┌─ SOURCE MATERIAL

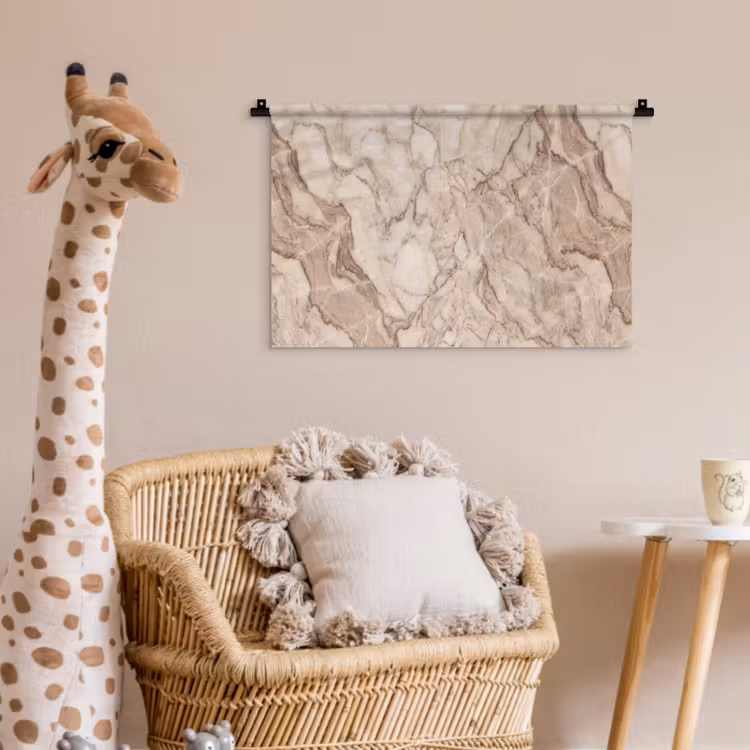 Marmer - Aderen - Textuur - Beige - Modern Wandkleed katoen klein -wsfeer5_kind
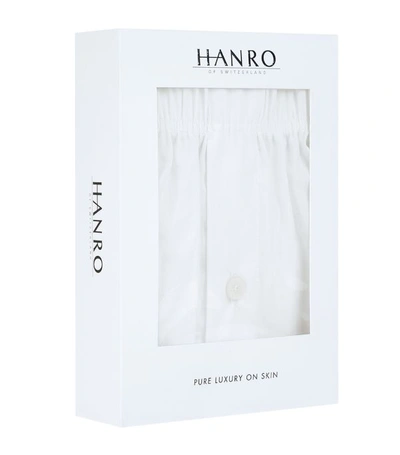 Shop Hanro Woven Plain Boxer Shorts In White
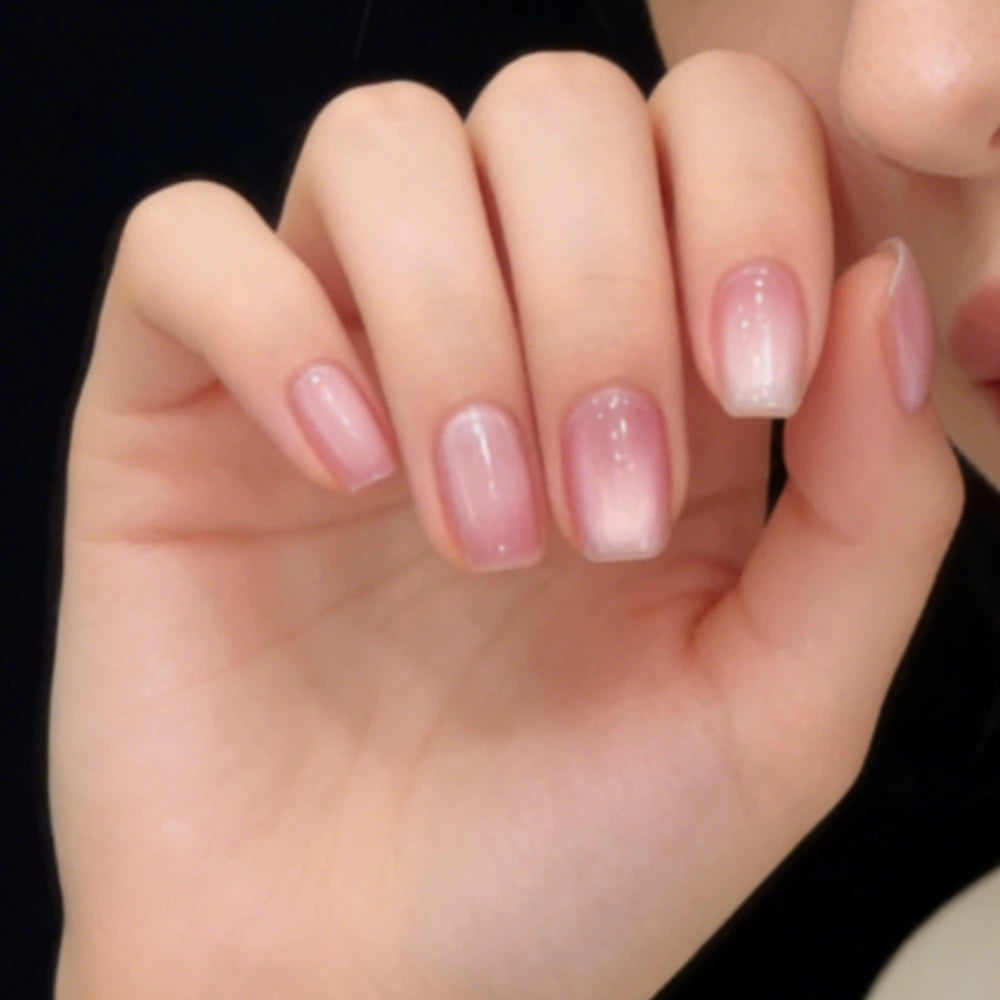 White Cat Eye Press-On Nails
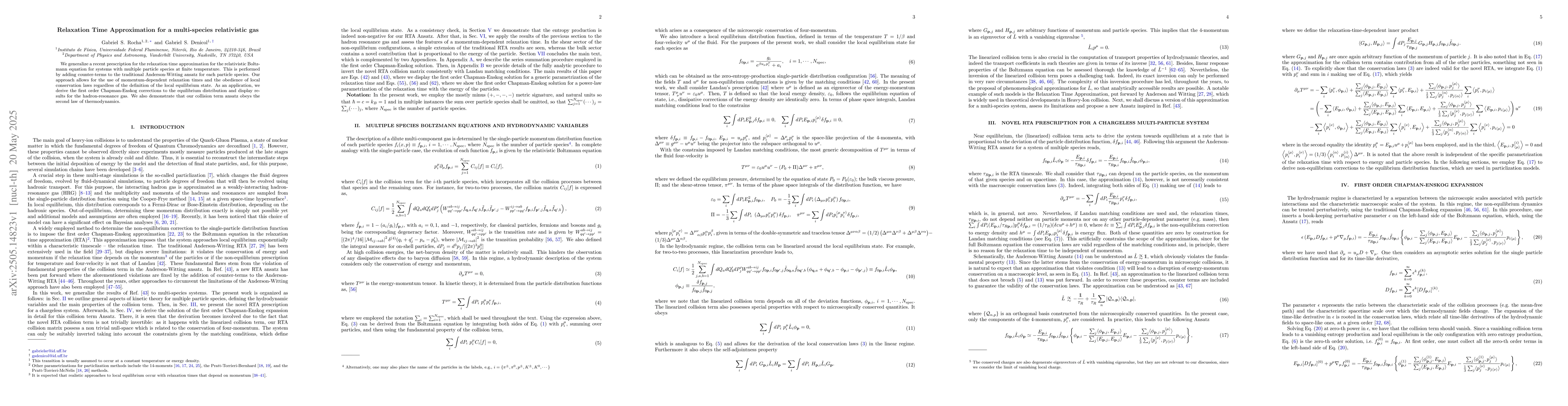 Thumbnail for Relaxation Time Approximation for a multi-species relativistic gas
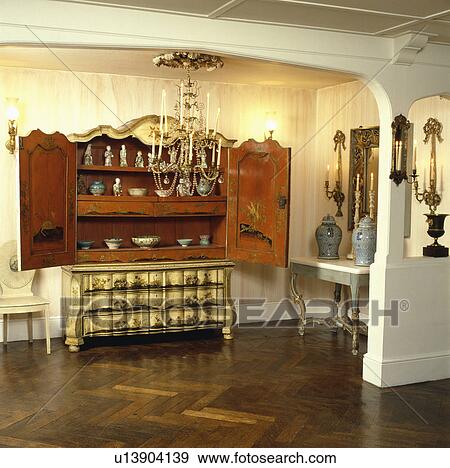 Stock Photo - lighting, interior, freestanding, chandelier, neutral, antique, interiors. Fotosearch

└─

### YOUR GOAL
The copy should start at the line that contains "White Cat Eye Press-On Nails", end at the last line of the entries above, and match each line exactly, with pictures dropped.

### PROBLEM SOLUTION
 White Cat Eye Press-On Nails
 Thumbnail for Relaxation Time Approximation for a multi-species relativistic gas
 Stock Photo - lighting, interior, freestanding, chandelier, neutral, antique, interiors. Fotosearch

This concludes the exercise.